What the exercise asks: Make an exact copy of the listing, without images.

Available data:
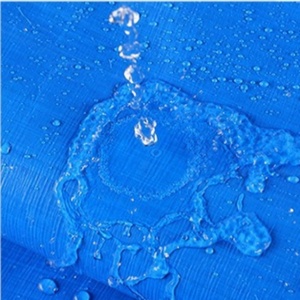 Bâche <span class=keywords><strong>de</strong></span> <span class=keywords><strong>serre</strong></span> multifonctionnelle légère et imperméable en PE enduit résistant aux UV <span class=keywords><strong>pour</strong></span> camping extérieur – Grande promotion - Product Image 5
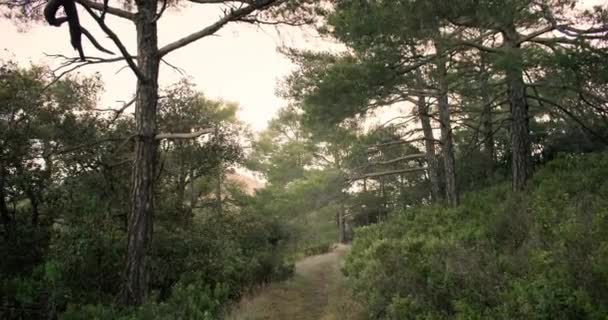 一个松树森林景观的背景视频 美丽的老树在一个神奇的森林与远足的小径 高质量的4K镜头 — 图库视频影像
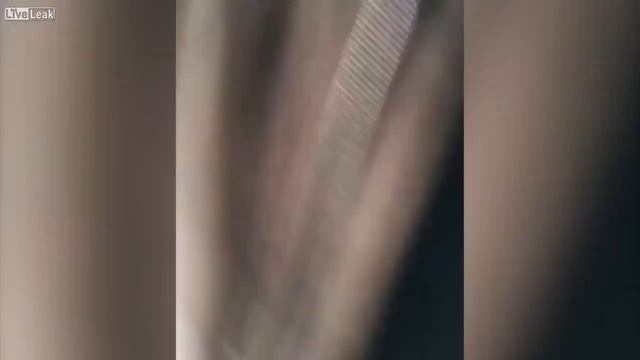 LiveLeak!!! Kid shooting the street out of his window and posting it on Insta смотреть онлайн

Response:
 Bâche <span class=keywords><strong>de</strong></span> <span class=keywords><strong>serre</strong></span> multifonctionnelle légère et imperméable en PE enduit résistant aux UV <span class=keywords><strong>pour</strong></span> camping extérieur – Grande promotion - Product Image 5
 一个松树森林景观的背景视频 美丽的老树在一个神奇的森林与远足的小径 高质量的4K镜头 — 图库视频影像
 LiveLeak!!! Kid shooting the street out of his window and posting it on Insta смотреть онлайн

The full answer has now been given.